2004年05月31日(月) |
過去を書くのは楽だ。 |
中学校時代の「個表」(定期テストの成績と順位を表にしたもの)が机の中からでてきた。
1年生1学期の中間テストから2年生2学期の期末テストまでずっと1位で、2年生3学期の期末テストと3年1学期の中間テストで初めて、2回連続で4位に落ちている。この後、私は肺炎で入院した。
退院後の先生からの言葉には、「バナナちゃんはこの入院で、ますます人間として成長したと思います」とあった。先生の言う通りかもしれない。その後は卒業まで、また1位に返り咲いている。
「競争はようやく1つのゴールを迎え、4月からまたやってくる。でも私は今まで必死にやってきた自分が競争に勝てたことが、本当にうれしい」。高校入試に合格した日の日記も、今読むと不気味な予見に満ちている。
たかが公立の中学、高校じゃないか、そういってあざ笑うことはたやすい。しかし、自分のいた狭い世界がすべてだった当時の私にとっては、そこで何番であったか、絶対に負けなかったという結果が、人格を規定していた。あの時劣等生だったら、今の私はどうなっていたろうか。たまに、そんな意味のない夢想をしては、くだらないとひとりごちてうち消す。
全体が見渡せないままに、途中までがんばり続けて息切れしてしまった私のような女の子(よくいるよね)の不幸についてしばしば考える。癖はなかなか抜けない。会社でも「出来ません」とは絶対に言えない。

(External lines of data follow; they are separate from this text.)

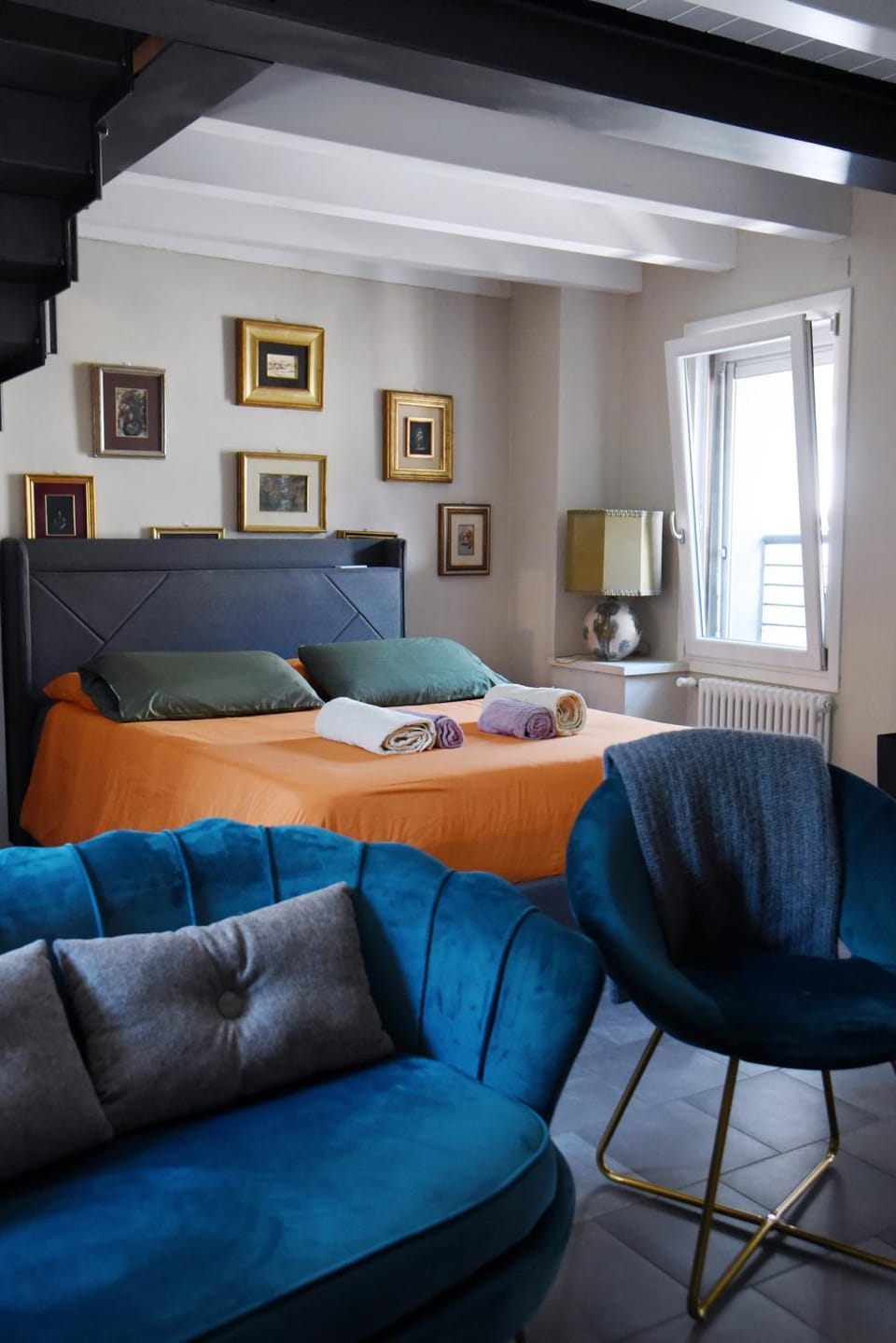 Bed, Living room, Seating area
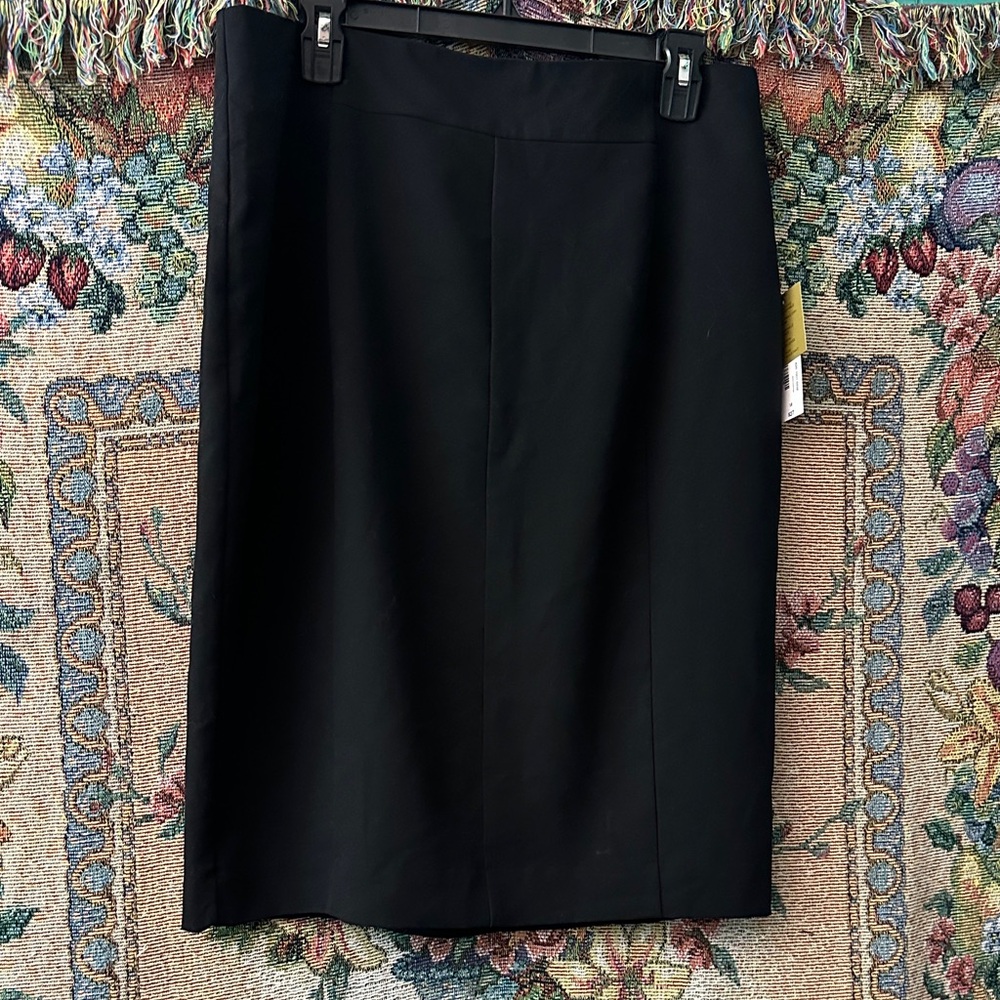 Worthington NWT black skirt size 14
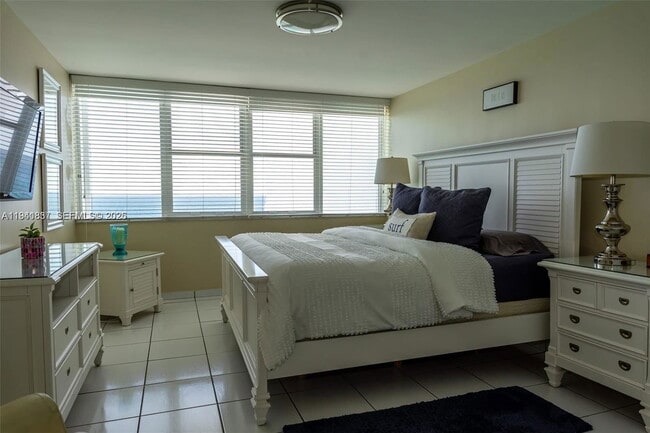 Building Photo - 3140 S Ocean Dr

眼前の人物と正面切って向き合おうとするのは悪い癖だ。他人はそれほど私を見たくない。泣いたり叫びだしたりするのは、ただ許して欲しいからなのだろう、1番になれなくなった自分を。代わりに差し出せるものがないことを、繰り返し確認して、それでも目を合わせてそこに立て、と要求する。
2004年05月27日(木) |
さいきん、どうですか。 |
と、聞かれたので最近どうかを書こうと思う。
最近は徹夜したりしなかったりです。 原稿をひたすら書いて、 上司に見せて、 直して、 上司の上司に見せて、 直して、 入稿する。
文章に赤を入れてもらうのは、 本当にためになる。 「分かりやすく、具体的に」が いかに難しいかを実感している。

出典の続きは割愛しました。